PSYCHOLOGICAL SERVICES
MINDFULNESS-BASED APPROACH
Mindfulness means maintaining a moment-by-moment awareness of your thoughts, feelings, bodily sensations, and surrounding environment, through a gentle, nurturing lens. It also involves acceptance, meaning that you pay attention to your thoughts and feelings without judging them - without believing, for instance, that there’s a ‘right’ or ‘wrong’ way to think or feel in a given moment. When you practice mindfulness, your thoughts tune into what we are sensing in the present moment rather than rehashing the past or imagining the future.

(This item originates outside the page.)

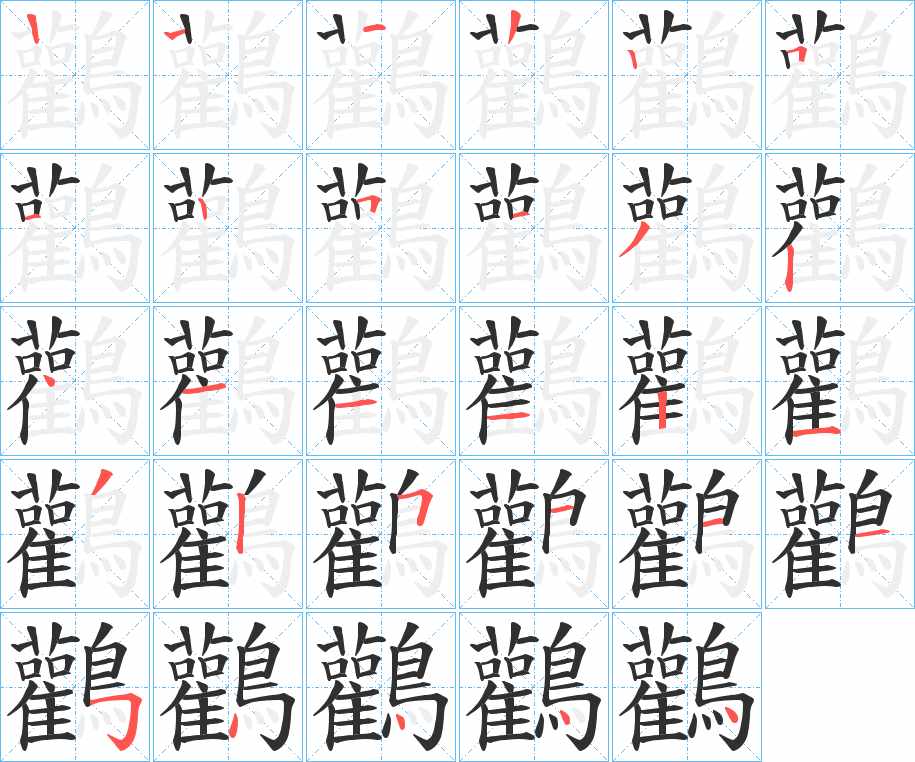 鸛字的笔顺，共28画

ACT AND COMMITMENT THERAPY
ACT is aimed at helping you to take active steps towards building a rich, full and meaningful life, and at the same time, helping you to develop psychological skills to be able to deal with painful thoughts and feelings in better ways, so that they have much less impact and influence on your life. For example, one of the core skills that ACT focuses is defusion - which means distancing yourself from, and letting go of unhelpful thoughts, beliefs and memories.

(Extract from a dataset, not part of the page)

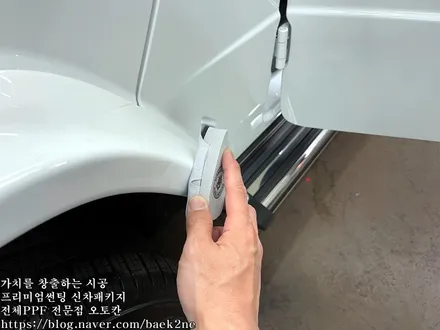 울산 신차패키지 추천 벤츠G400D와 유쉴드바이올렛 / 울산 남구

COMPASSION FOCUSED THERAPY
CFT is a system of psychotherapy that encourages you to be compassionate towards yourself and towards others, and help you combat high levels of shame and self-criticism that often come hand-in-hand with mental health difficulties. CFT focuses on exploring the origins of emotional difficulties, which often lie in a history of abuse, bullying, neglect or lack of affection. Compassion involves a commitment to the alleviation of suffering - helping you to develop skills, so that you can successfully alleviate emotional pain.
POSITIVE PSYCHOLOGY
Unlike traditional psychology that focuses more on the causes and symptoms of mental illnesses and emotional disturbances, positive psychology emphasizes traits, thinking patterns, behaviours, and experiences that are forward-thinking and can help improve the quality of a person’s day-to-day life. These may include optimism, spirituality, hopefulness, happiness, creativity, perseverance, justice, and the practice of free will. It is an exploration of your strengths, rather than your weaknesses.
HUMANISTIC THERAPY
Similar to positive psychology, but with even greater depth - humanistic therapy is a psychological approach which is based on the theory that every human being is unique. Every individual makes choices based on their core beliefs. The therapy lets one explore their full potential, recognise their own power and unwrap the positives hidden within. In humanistic approach, rather than emphasizing the ways a person is dysfunctional or "less than," it focuses on their positive attributes. The therapist guides you in developing healthy behaviours instead of dwelling on the negative aspects of your life. You are seen as a good, powerful, and creative person. As you learn to view yourself from this positive perspective, you become more capable and successful in solving your problems.
DIALECTICAL BEHAVIOUR THERAPY
DBT was explicitly created for patients who have a hard time discussing their emotions, especially negative ones. DBT can help you because it brings together the discomfort of discussing difficult subjects in therapy. More specifically, it is excellent for those that are impulsive or engaging in reckless behaviour, have had unstable relationships, and have difficulty regulating their emotions. Many people find traditional therapy uncomfortable. They become unable to discuss negative emotions and fail to make any progress. DBT can help you identify what you are feeling, why you are feeling a certain way and how to cope. DBT is an ideal treatment for those with personality disorders. It is also beneficial for people who struggle with addictions and need some tools to manage cravings or those who have experienced trauma and do not feel as though they have the coping skills to handle trauma processing.
DEPTH PSYCHOLOGY
Depth psychotherapy describes a range of approaches to therapy that takes the unconscious into account, rather than one specific modality. This interdisciplinary approach to treatment is based on the idea that all people possess traits or elements of nature that may influence (often unconsciously) their natural processes. These processes - such as the ability to feel, choose, work, love, or think freely - may be affected negatively by some of these elements, and people may seek treatment in order to resolve distress experienced as a result of any unbalanced functions of their unconscious mind. Depth therapy may help you explore and consciously realize those forces having an effect and explore them in order to better understand your present situation.
EXISTENTIAL QUESTIONING
Existential therapy is a unique form of psychotherapy that looks to explore difficulties from a philosophical perspective. Focusing on the human condition as a whole, existential therapy highlights your capacities and encourages you to take responsibility for your loses and successes. Emotional and psychological difficulties are viewed as inner conflict caused by an individual's confrontation with the givens of existence. Major themes focus on your responsibility and freedom. Fostering creativity, love, authenticity and free will - are common avenues that can help you move towards transformation. An example of existential questioning may sound as follows: ‘What is our biggest mistake as humans?’ or ‘Is one life enough?’